- Open Access
Describing the Flexibility of the Generalized Gamma and Related Distributions
Journal of Statistical Distributions and Applications volume 4, Article number: 15 (2017)
The generalized gamma (GG) distribution is a widely used, flexible tool for parametric survival analysis. Many alternatives and extensions to this family have been proposed. This paper characterizes the flexibility of the GG by the quartile ratio relationship, log(Q2/Q1)/log(Q3/Q2), and compares the GG on this basis with two other three-parameter distributions and four parent distributions of four or five parameters. For most parameter combinations of other distributions, a very similar GG, as assessed by the Kullback-Liebler distance, can be found by matching the three quartiles; extreme cases where this fails are examined. Limited additional flexibility is observed, supporting the basic GG family as an ideal platform for parametric survival analysis.

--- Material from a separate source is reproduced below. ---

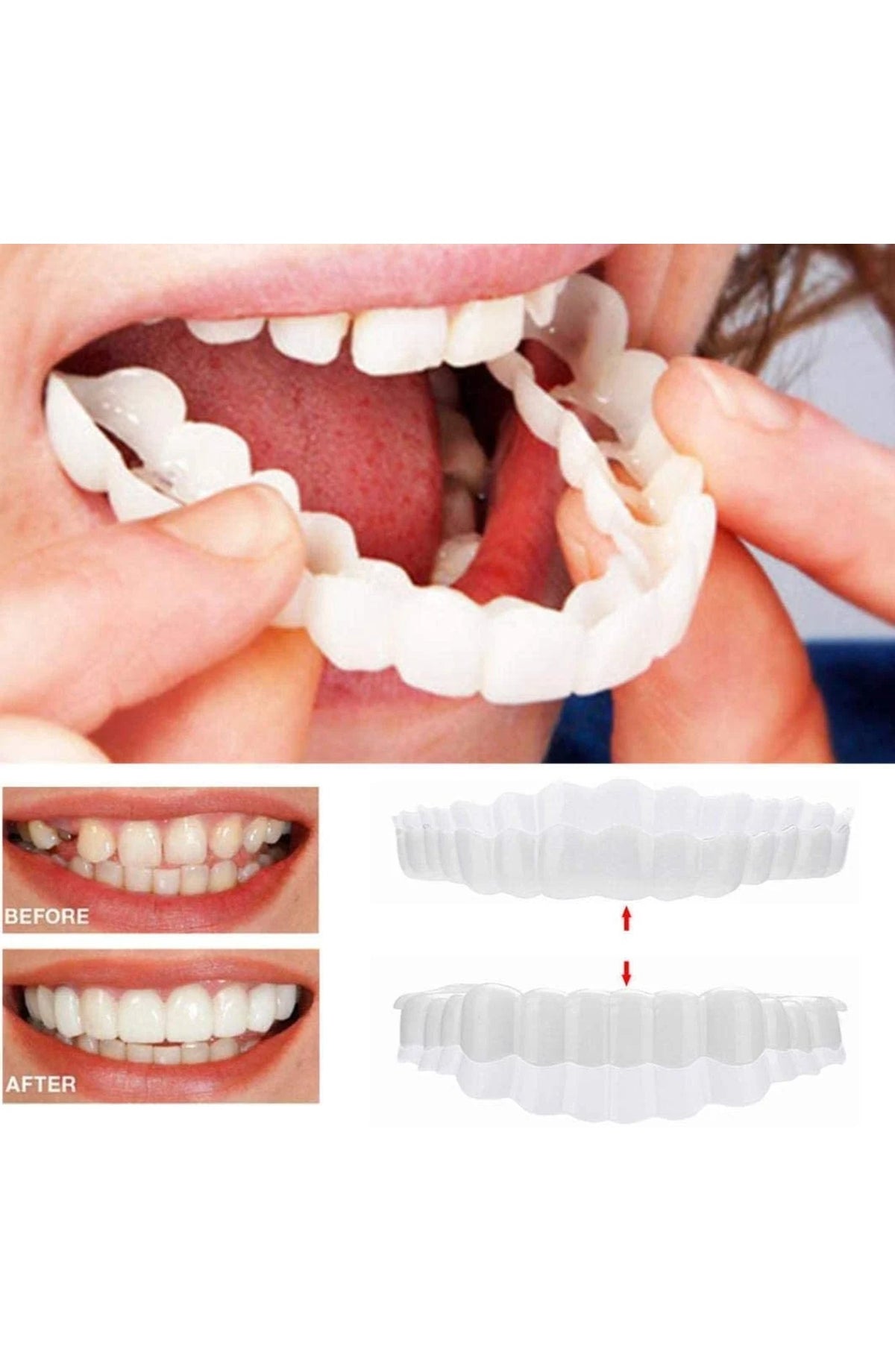 Cosmetic Teeth Cover, Upper and Lower Smile Veneer Set for Photos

Parametric survival analysis has been the source for the development of distributions with richness and flexibility for modeling time-to-event data. Simple, familiar distributions such as the lognormal and Weibull have been extended, transformed, and combined into myriad new and complex distributions. Distributions with more than three parameters remain relatively rarely applied, with the Generalized Gamma (GG) being among the most popular choices at the three-parameter level. The major appeal of this distribution is its hazard behavior, which includes all four basic hazard shapes (increasing, decreasing, bathtub, and arc-shaped), as well as its ready implementation in standard statistical software packages. These features are described at length in a tutorial by Cox et al. (2007).

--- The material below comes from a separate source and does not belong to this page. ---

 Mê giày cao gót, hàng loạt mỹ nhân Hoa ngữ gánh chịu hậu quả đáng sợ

While the GG is broadly applicable and flexible, there are still many kinds of hazards, even among the four basic shapes, which it cannot accommodate. We have investigated competing distributions including the three-parameter Exponentiated Weibull (EW; Cox and Matheson 2014) and a family that includes the GG as a special case, the five-parameter Beta-Generalized Gamma (Matheson and Cox 2017). Both of these families include all four of the four basic hazard shapes. Our approach was to attempt to find a closely-matching GG (including both the survival and hazard functions) for any given member of these two families, using the Kullback-Liebler distance to assess the closeness of the match. Each of these comparisons has led to the somewhat surprising conclusion that the GG itself continues to be a good choice for modeling data, in the sense that given any member of the either of these two families, a GG can be found whose survival and hazard functions are very similar and in many cases, including the EW, indistinguishable. In this paper, we characterize an aspect of the GG’s flexibility by interpreting the shape parameter, κ, in terms of the relationship between the three quartiles of the distribution. This gives us a valuable tool for comparing the GG to other distributions using our matching approach, which we pursue with six competing distributions of three to five parameters. Special cases of competing distributions which may not be well-approximated by a GG are evaluated.

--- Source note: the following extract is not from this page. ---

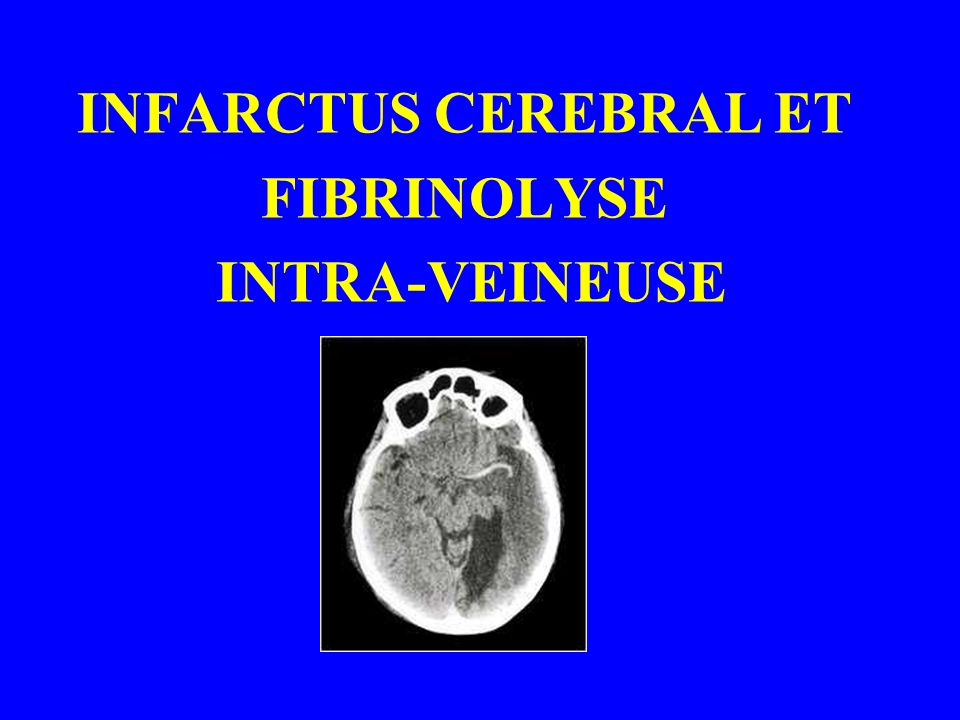 INFARCTUS CEREBRAL ET FIBRINOLYSE INTRA-VEINEUSE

A More Complete Characterization of the Shape of the GG
The standard accelerated failure time model involves location (β) and scale (σ) parameters, and in the case of the GG, an additional ‘shape’ parameter κ. Here we propose a more concrete interpretation of κ as governing the quartile ratio relationship (QRR), defined as log(Q2/Q1)/log(Q3/Q2). For any GG, the QRR curve depends solely on κ, such that the curve defined by QRR = log(tκ(0.5)/ tκ(0.25))/log(tκ(0.75)/tκ(0.5)), where tκ(p) represents the pth percentile of a GG(0, 1, κ), is identical for any given β and σ. Indeed, there is a one-to-one correspondence between κ (independent of β and σ) and the QRR; this function is shown in Fig. 1, panel a, with the y-axis logarithmic to highlight the function’s symmetry (namely, that the QRR for any negative κ is the reciprocal of the QRR for the corresponding positive κ value).
The implications of this graph are substantial, but several in particular are relevant to our current investigation. First, if three quartiles of data are known, one can determine the κ of the GG that most appropriately fits the data, if one exists, using this function (Cox and Matheson, 2014). As long as the QRR lies between roughly 3/5 and 5/3, the appropriate κ for the given QRR can be found; then, given this value of κ, σ is simply log(Q3/Q1)/log(tκ(0.75)/tκ(0.25)) and β is log(Q2) - σ log tκ(0.5). If the QRR falls outside this range, κ should be restricted to 4 for positive log(QRR) values and −4 for negative ones, as more extreme values of κ will not bring the GG any closer to the desired QRR; σ and β can still be solved for as shown above. This leads to the second point, which is that the flexibility of other distributions can be compared to the GG by plotting their QRR. If the QRR of another distribution falls entirely between the limits of the QRR of the GG, that distribution is not likely to have any additional flexibility beyond what the GG already provides. However, if the competing distribution’s QRR extends outside this vertical range, the GG may be limited in its capacity to approximate it.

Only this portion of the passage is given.